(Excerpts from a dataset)
------------------------------

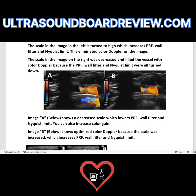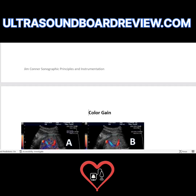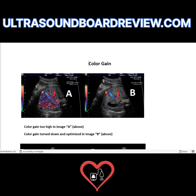There are two options: you can either change your angle to fix it, or you can decrease your gain. Color gain is a tricky setting — if you turn it up too high, you get confetti-like speckle throughout your color box.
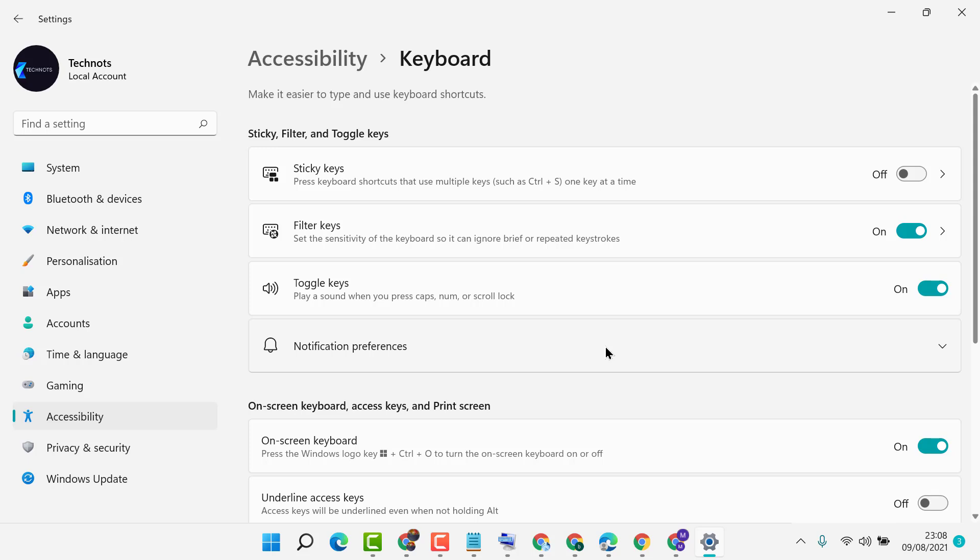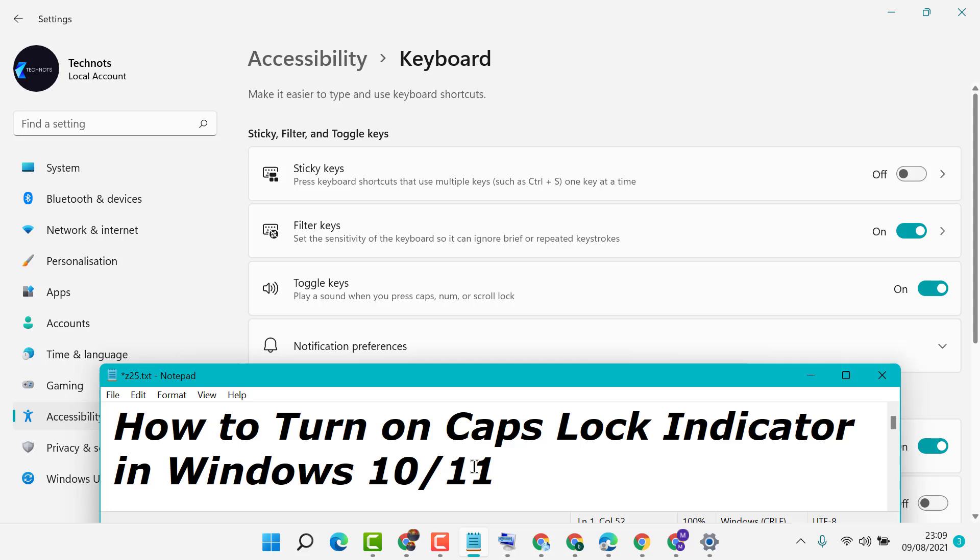By following these simple and easy steps, we can turn on Caps Lock indicator in Windows 10 or 11. Thanks for watching.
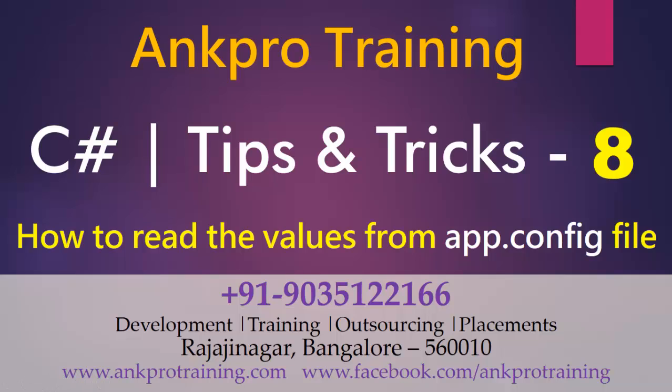Hello friends, this is our 8th video on tips and tricks of C#. In this video I'm going to show you how to read or access the values or elements from the app.config file.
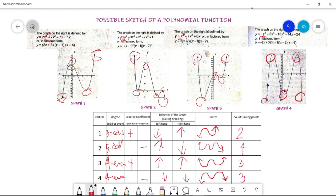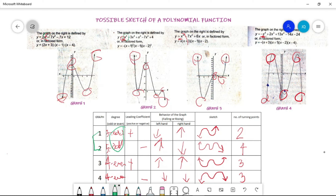Now let's analyze. In graphs one and two, we have odd degrees — three and five. Based on the table, when the degree is odd, the behavior of the graph is in opposite directions: the left hand is going down while the right hand is going up (graph one), or the left hand is going up while the right hand is going down (graph two).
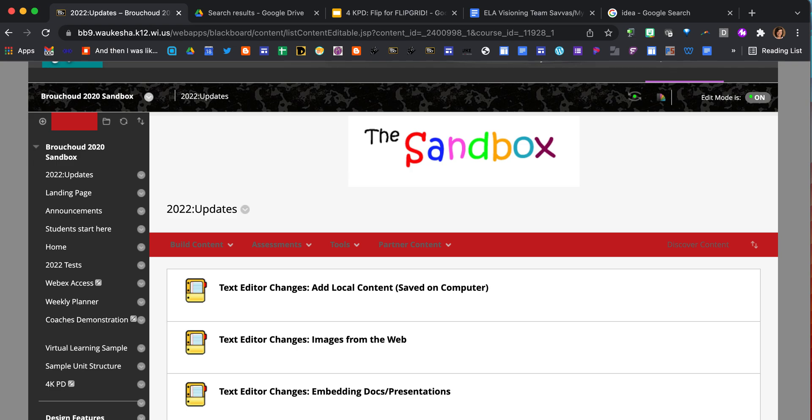Recently Blackboard underwent a system update. You may have noticed that with the update came changes to the built-in text editor. While most functions are still available, the look and feel is a bit different. Let's dig into some of these changes.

------------------------------

### Task details
Pictures are to be left out; the records above must be repeated word for word.

### Solution to this task
There are two options: you can either change your angle to fix it, or you can decrease your gain. Color gain is a tricky setting — if you turn it up too high, you get confetti-like speckle throughout your color box.
By following these simple and easy steps, we can turn on Caps Lock indicator in Windows 10 or 11. Thanks for watching.
Hello friends, this is our 8th video on tips and tricks of C#. In this video I'm going to show you how to read or access the values or elements from the app.config file.
Now let's analyze. In graphs one and two, we have odd degrees — three and five. Based on the table, when the degree is odd, the behavior of the graph is in opposite directions: the left hand is going down while the right hand is going up (graph one), or the left hand is going up while the right hand is going down (graph two).
Recently Blackboard underwent a system update. You may have noticed that with the update came changes to the built-in text editor. While most functions are still available, the look and feel is a bit different. Let's dig into some of these changes.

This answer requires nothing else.